Le piattaforme social dovranno fornire sistemi per identificare i contenuti generati dall’AI. La legge sul copyright tutela i prodotti degli algoritmi, “nel caso in cui il contributo umano nell’ideazione e realizzazione dell’opera tramite l’uso dell’algoritmo sia creativo, rilevante e dimostrabile” e punisce gli abusi con una pena aumentata.

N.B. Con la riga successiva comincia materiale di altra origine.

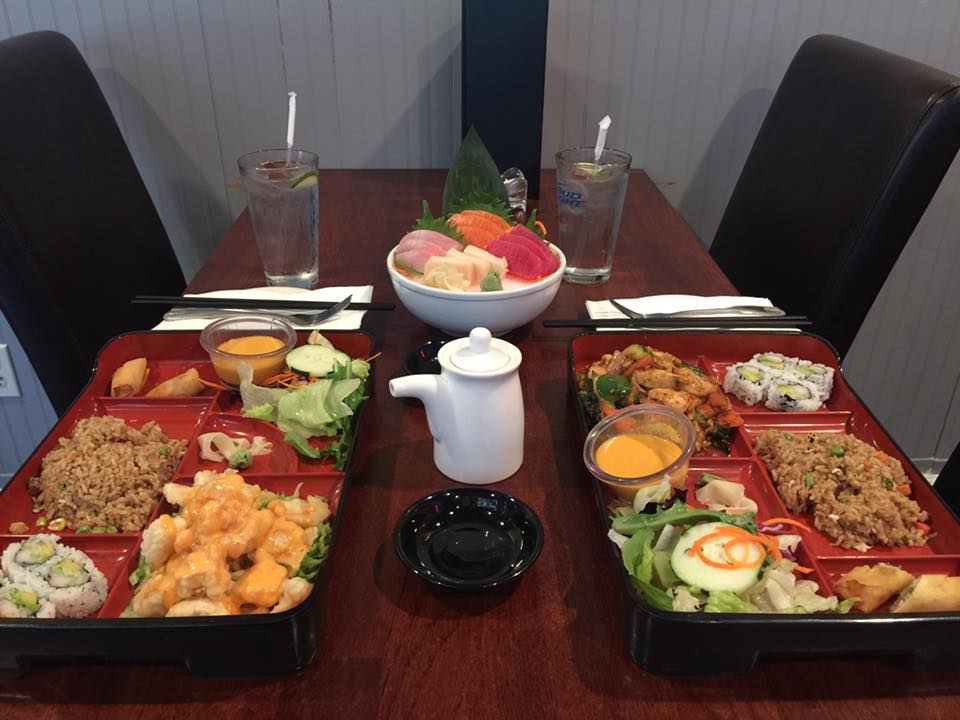 A table topped with plates of food and a bowl of fruit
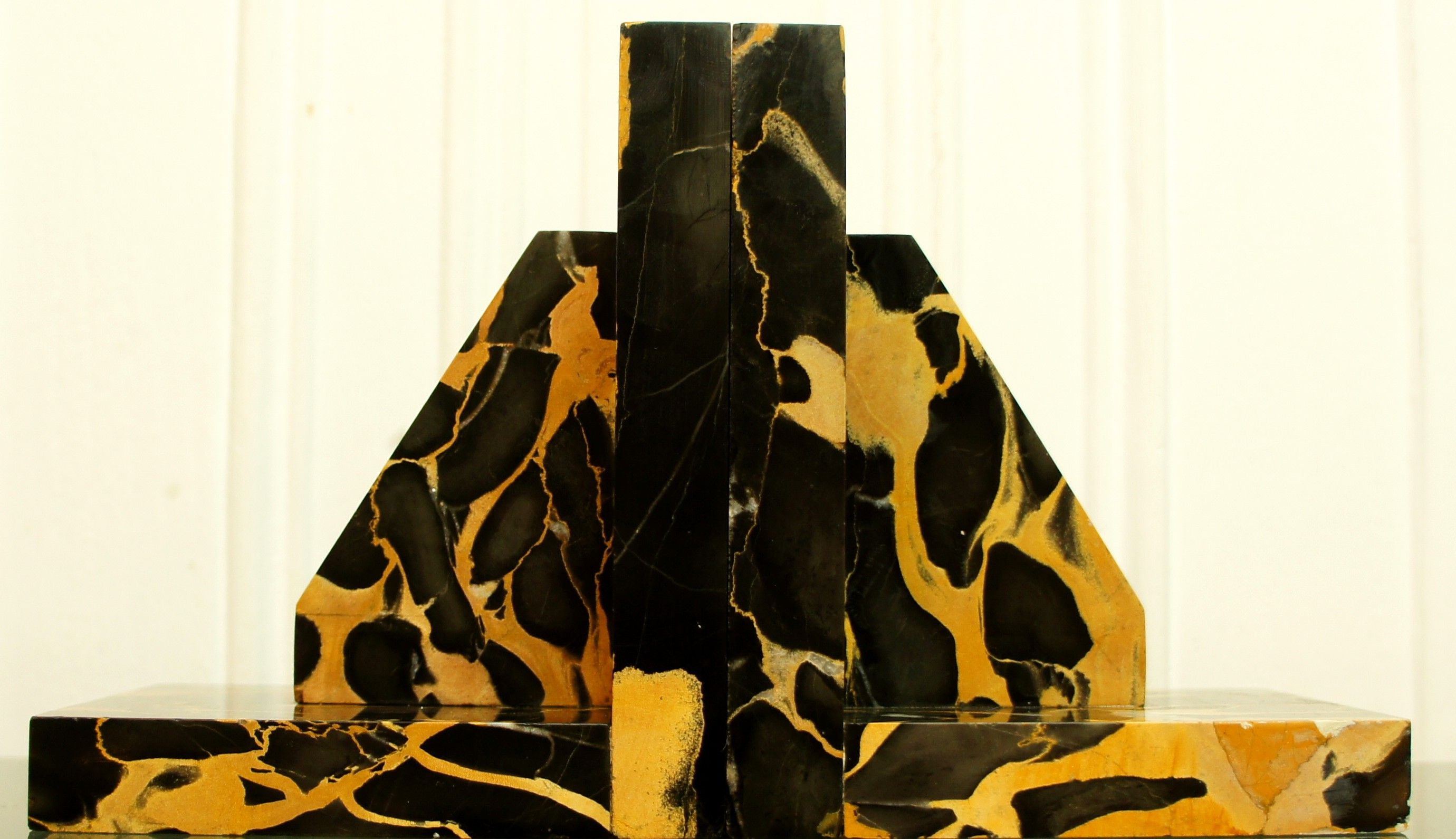 Pair of Portor marble bookends, black and golden yellow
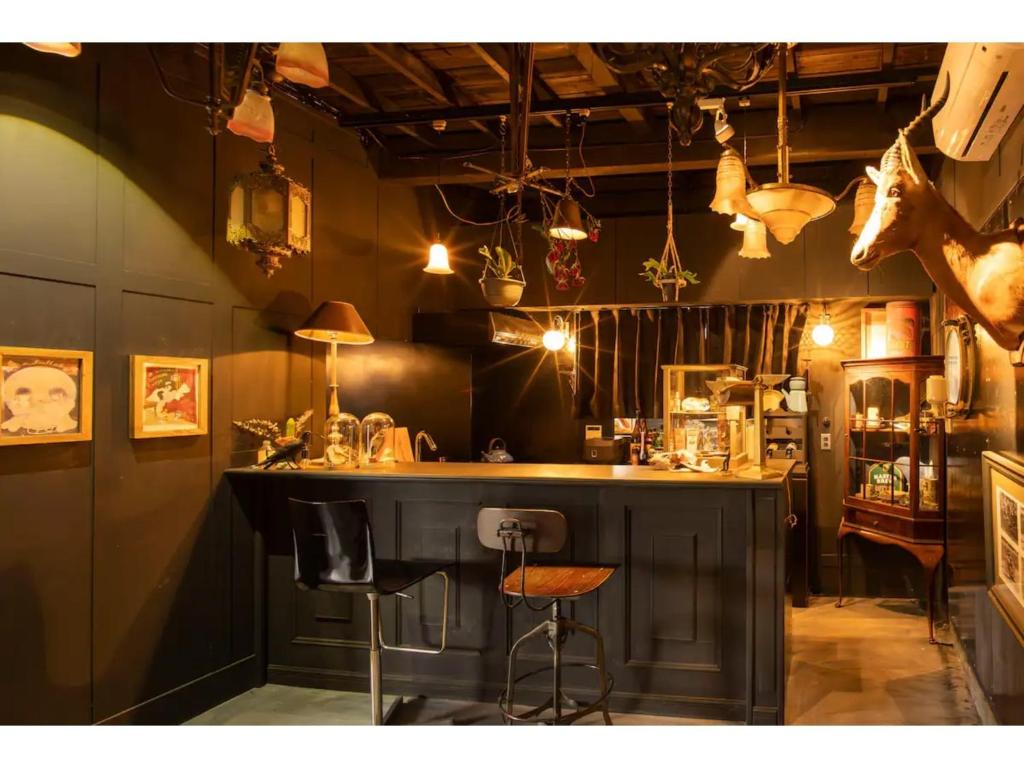 a bar in a restaurant with two stools at Hyohaku - Vacation STAY 61130v in Ichinomiya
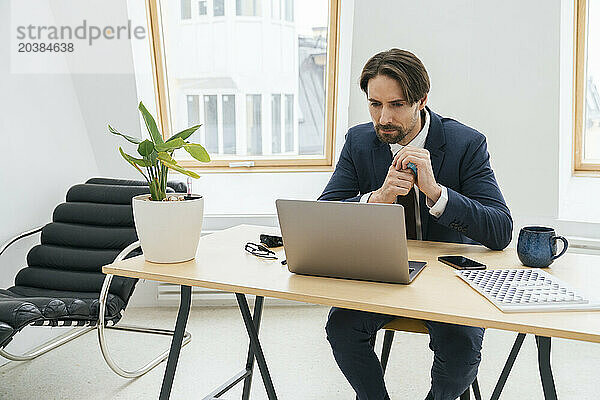 Businessman with globe using laptop at desk in office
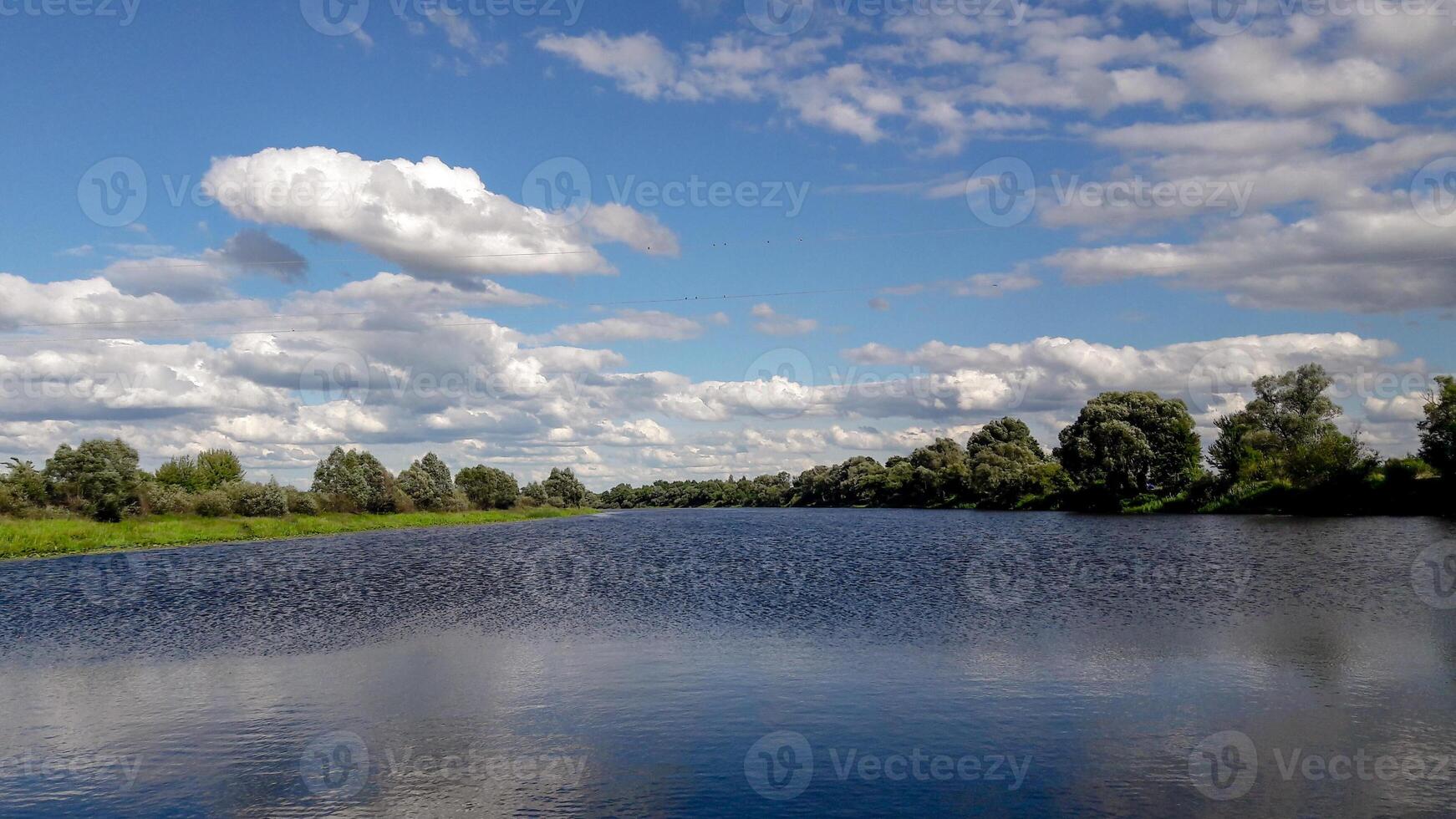 Serene summer landscape with a calm river, lush green trees on both sides and a blue sky filled with soft white clouds. Tranquil natural scene with clear reflections in the water. photo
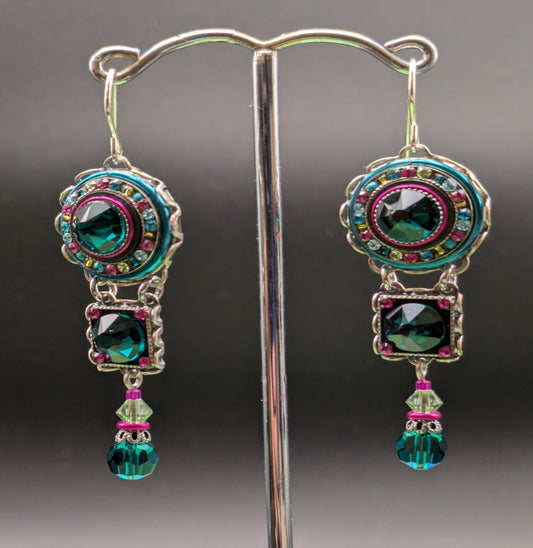 Pair of ornate earrings with green and pink gemstones on a stand against a gray background.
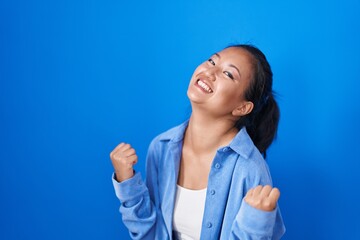 Fototapeta premium Asian young woman standing over blue background very happy and excited doing winner gesture with arms raised, smiling and screaming for success. celebration concept.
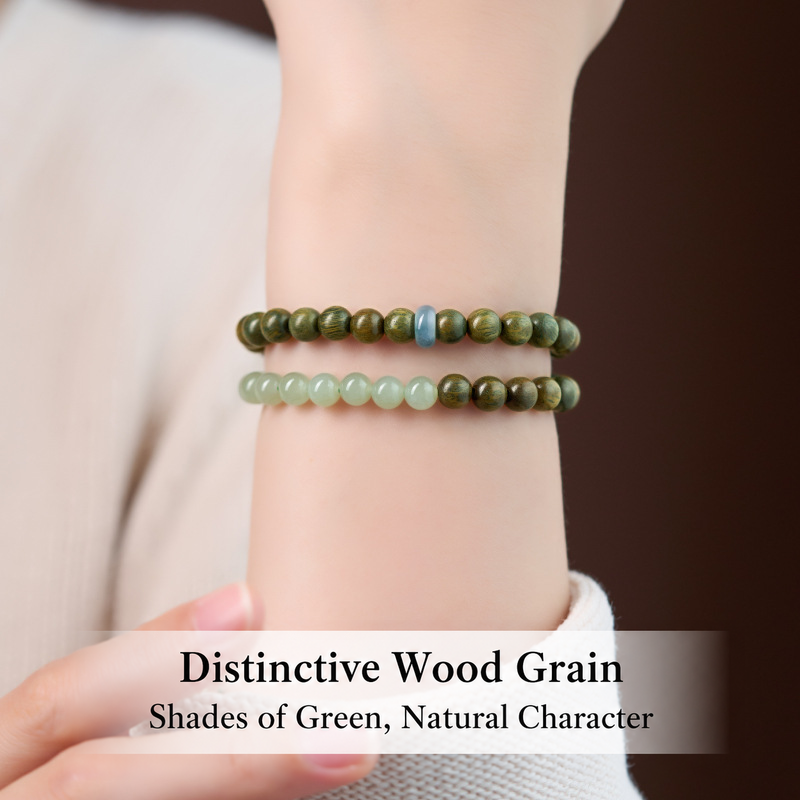 Green sandalwood and jade double-wrap bracelet worn on wrist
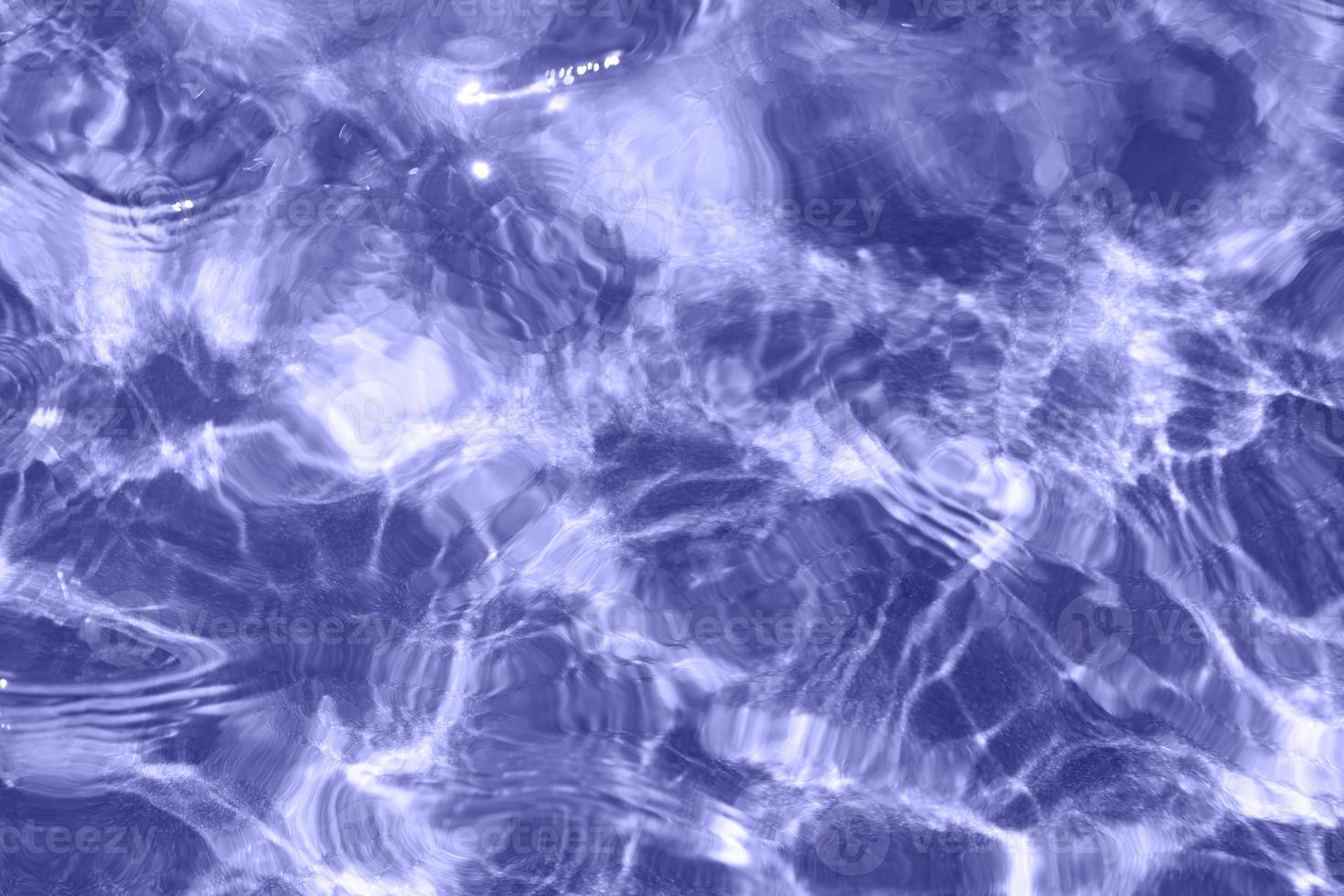Very peri rippled water surface of swimming pool. Background of water repainted in trendy very peri color of the year 2022. Summer holidays, vacations resort concept. photo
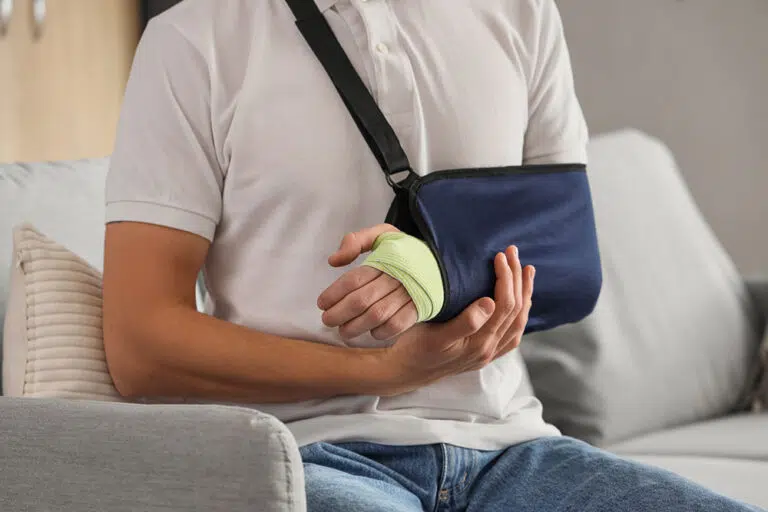 An injured young man sits on a sofa and holds his slung and casted arm.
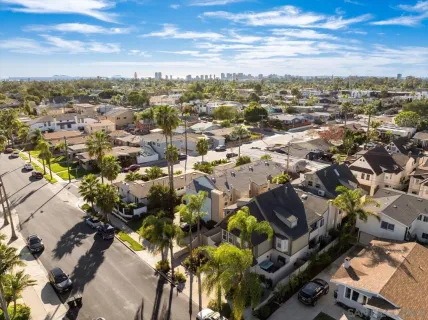 an aerial view of multiple houses with outdoor space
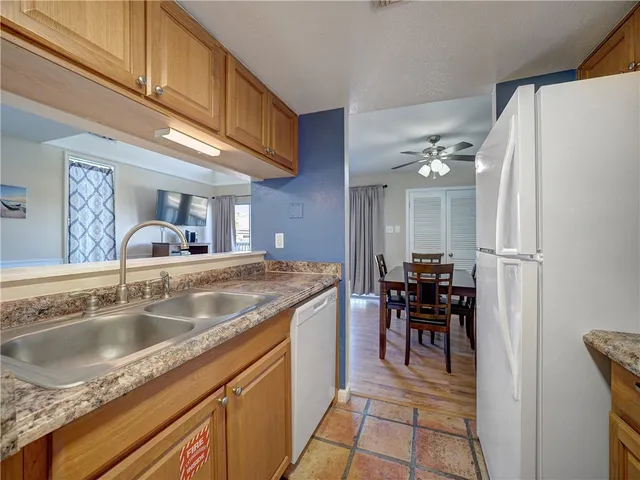 a kitchen with granite countertop a sink stove and cabinets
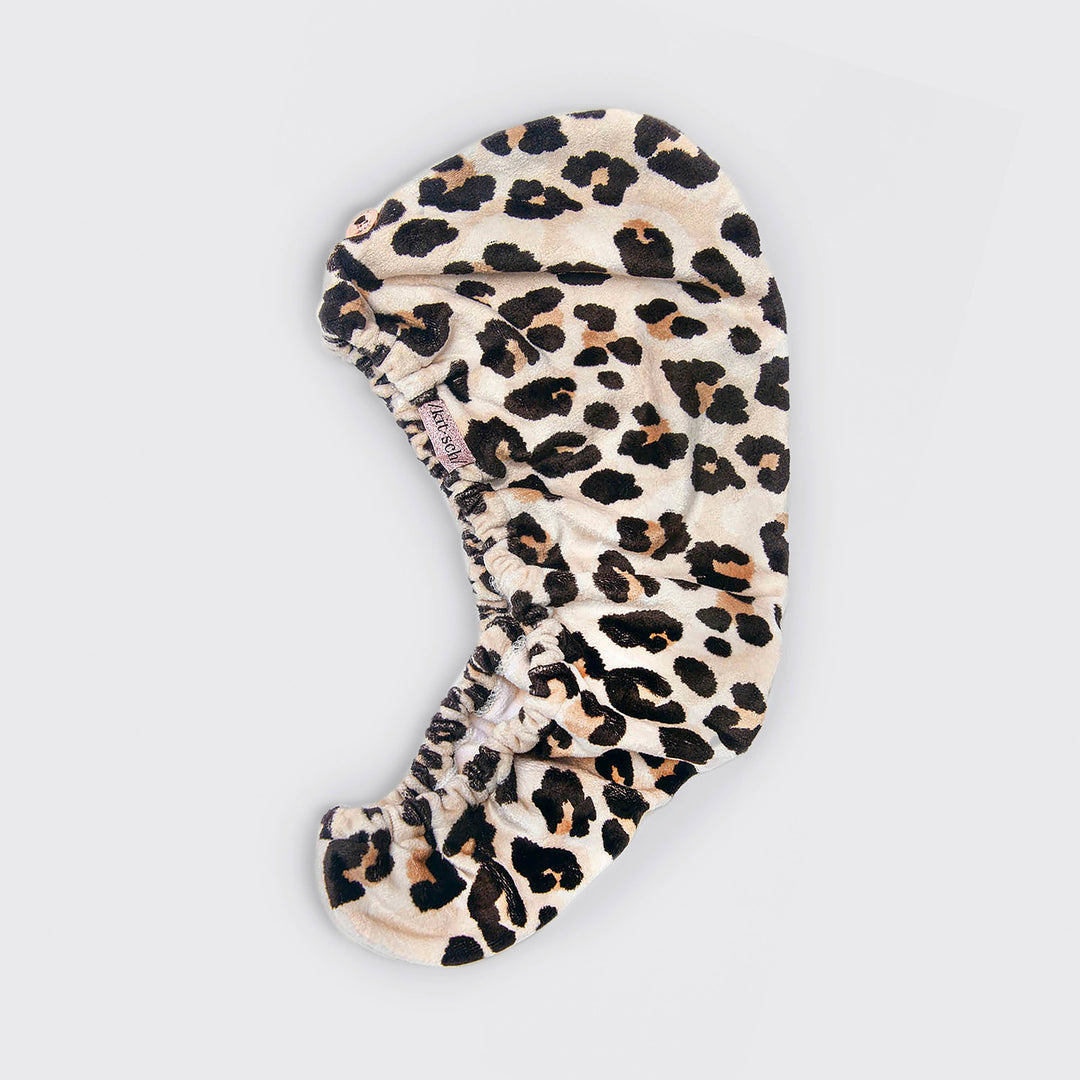 Microfiber leopard print hair towel with elastic edge for fast drying and frizz control. Available in standard and large sizes.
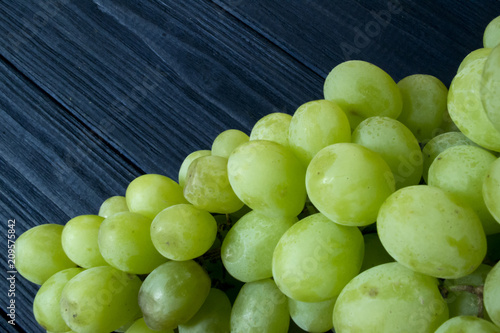 Ripe grapes on a dark blue wooden background.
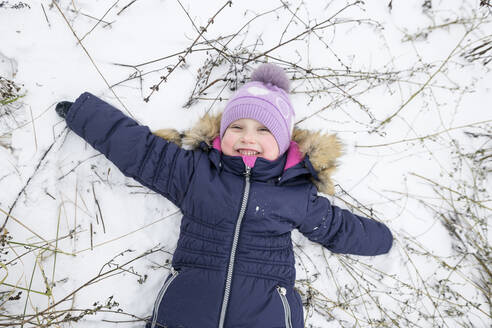 Glückliches Mädchen liegt mit ausgestreckten Armen im Schnee - EYAF01105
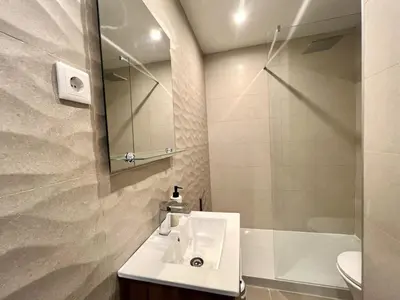 a white bathroom with a sink and a shower at Miral 4 - 100 mtr to beach by HD PROPERTIES in Quarteira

La pubblica amministrazione

Sarà Agid a guidare l’ingresso massivo dell’AI negli enti pubblici. In particolare dovrà fornire gli indirizzi a Consip, la centrale acquisti della pubblica amministrazioni, su programmi e aziende. Il governo spinge per un approccio “sovranista”, chiedendo che “vengano privilegiate quelle soluzioni che garantiscono la localizzazione ed elaborazione dei dati critici presso data center posti sul territorio nazionale, nonché modelli fondativi in grado di assicurare elevati standard in termini di trasparenza nelle modalità di addestramento e di sviluppo di applicazioni basate su AI generativa”. La parola passa al Polo strategico nazionale, l’infrastruttura su cui migrare i dati critici e strategici della pubblica amministrazione. L’AI nel pubblico dovrà essere trasparente, “assicurando agli interessati la conoscibilità del suo funzionamento e la tracciabilità del suo utilizzo”, e utilizzata a supporto di decisioni prese dalla persona responsabile.